Earlier work by Robert van Gent and Angela Schuett under the direction of Professor Kim Bruce resulted in the design and implementation of the language PolyTOIL, a type safe object-oriented language with strong polymorphic features. LOOM is a direct descendant of PolyTOIL which omits subtyping in favor of a more flexible version of matching, including matching-based subsumption. We give an overview of LOOM and of a prototype interpreter for the language. Proofs of the complexity of the matching algorithm and the decidability of type checking are presented. We describe the design and implementation of a module system for LOOM, and present an in-depth discussion of the issues that motivated and affected the design process. Formal type checking and semantic rules are given, and the prototype implementation is described. The module system is evaluated, and proposals are made for further work.
Abstract This thesis presents a formal analysis of the core of C++, the method binding mechanism. The analysis includes features such as inheritance, overloading, overriding, hiding, and conversions. Our model will clearly explain method binding under all these features, without the ambiguity that colloquial descriptions can introduce.
Many of the intricacies of our formal model will demonstrate that the
informal descriptions used to explain the language are not sophisticated
enough to explain certain examples. The type rules and operational semantics
we present should provide the basis for a more accurate conceptual model
of the language.
Abstract This thesis describes the language PolyTOIL, a type-safe, polymorphic, object-oriented programming language. PolyTOIL is an extension of the object-oriented language TOIL, also developed at Williams College. The extensions to TOIL include support for bounded and unbounded parametric polymorphism. It is relatively unusual in using a "matching" relationship rather than subtyping to determine constraints on type arguments. Subtype polymorphism (through substitution) and inheritance are also features, though the subtype and inheritance hierarchies are not identified. A PolyTOIL interpreter has been implemented in ML and can be used to run PolyTOIL programs.
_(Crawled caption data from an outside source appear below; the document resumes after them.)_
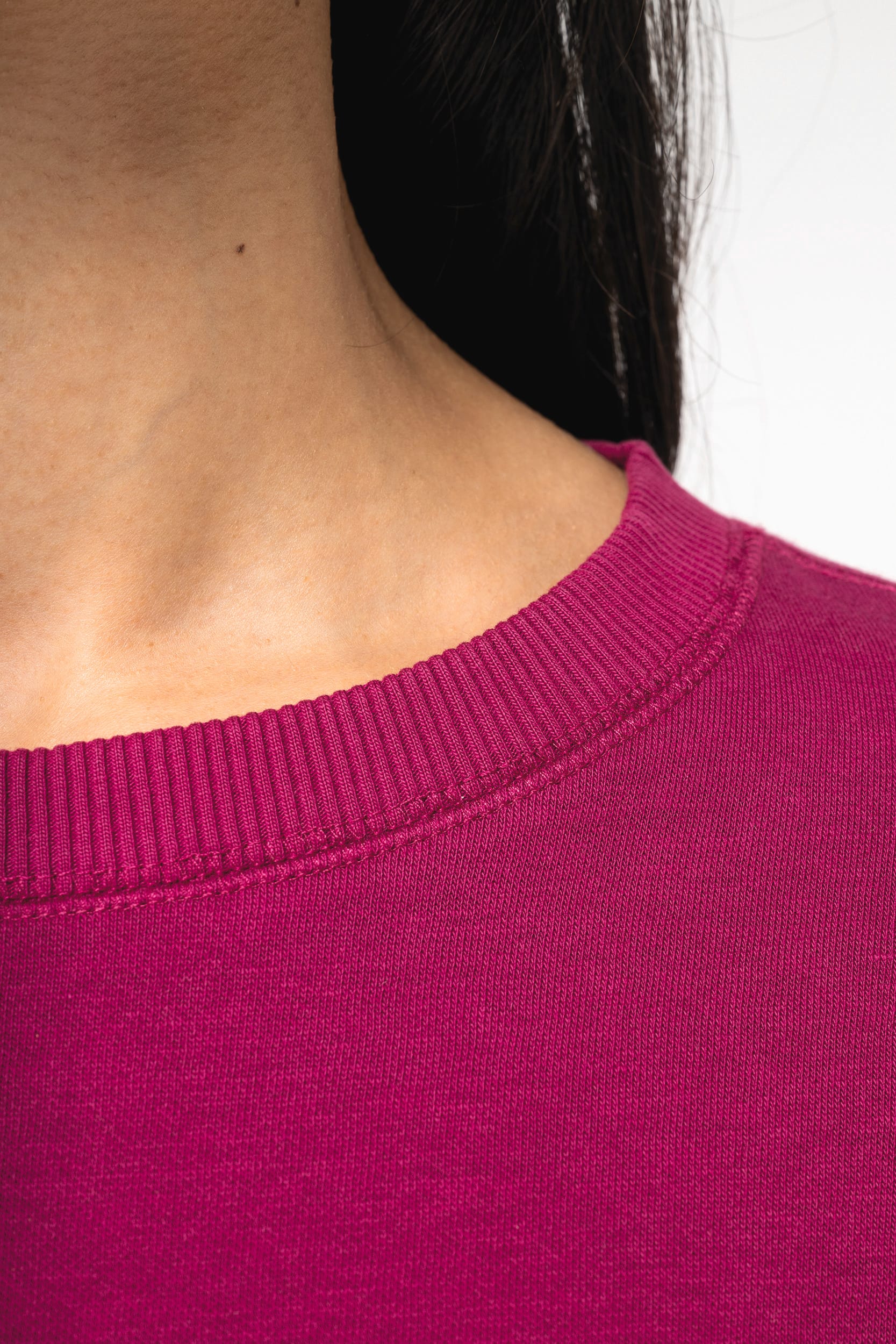 Sweat-shirt écoresponsable à col rond oversize crop femme - Image 6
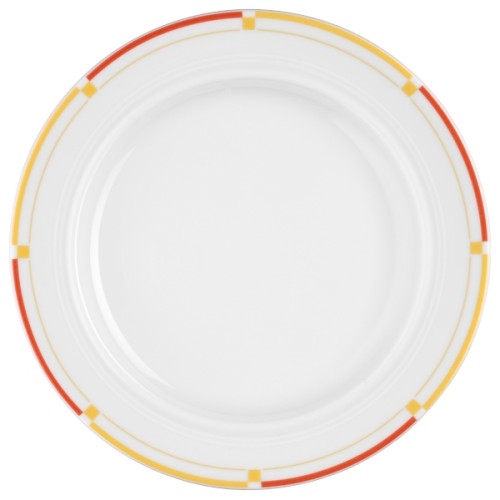 Seltmann Teller flach 25,5 cm, Form: Vitalis, Dekor: 34290 dunkelgelb-rot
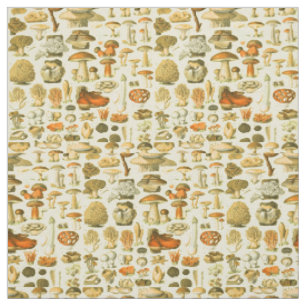 Tissu Tabouret de toilette Vintage de champignons Illust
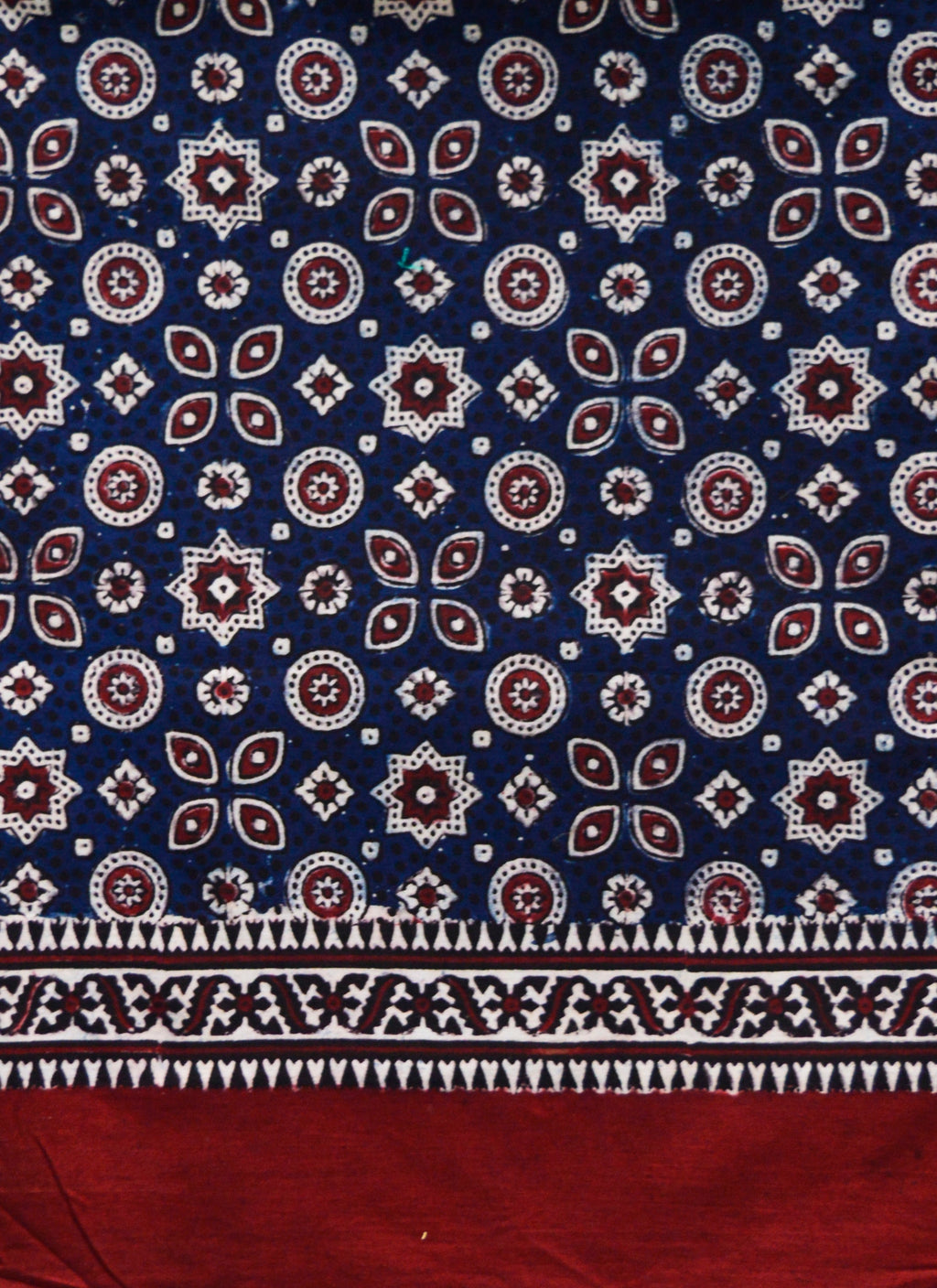 Premium Hand Block Printed Ajrak Kharik Blue– Single Paat | Natural Dyed Cotton Ajrak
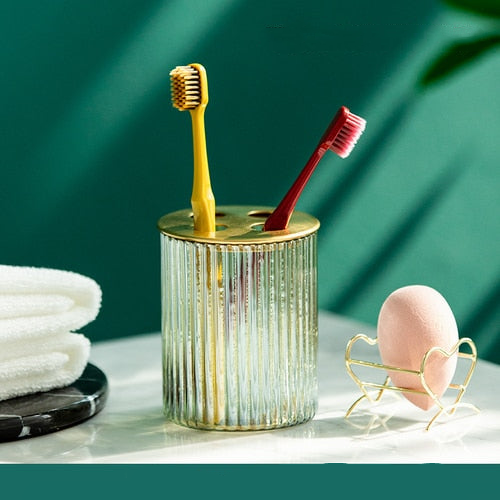 Brass Glass Bathroom Set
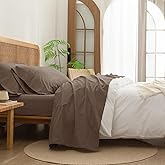 BESTOUCH Sheet Set 100% Washed Cotton Linen Feel Super Soft Comfortable Chic Lightweight 4 Pcs Home Bedding Set Solid Pine Bark Brown Full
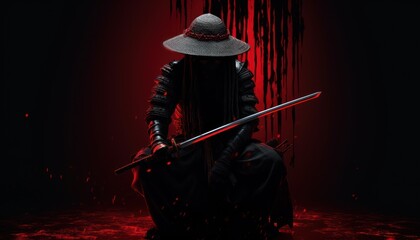 epic sceneof a samurai  warrior wearing straw hat  and holding his katana sword ,obscure face,red bloody  background ,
Abstract The object-oriented programming language paradigm offers a useful approach toward data abstraction. However, conventional object-oriented languages fail to provide safe static typing systems, a serious drawback especially for large scale programming projects. Bruce presents TOOPLE, a functional object-oriented language which supports structural subtyping, class-based inheritance, and updateable instance variables, while still maintaining completely safe and deterministic type checking and subtyping algorithms.
This paper details the design and prototype implementation of TOIL,
an imperative version of TOOPLE. As an imperative language, TOIL hopes
to provide a stronger and more efficient platform for realistic object-oriented
programs. The semantics of TOIL are described in a manner similar to that
used for TOOPLE. Although many of the basic semantic techniques remain
the same, TOIL's imperative features require new syntactic constructs as
well as fundamental changes in the semantics of the language. A semantic
model is used to prove that the type-checking algorithm is consistent.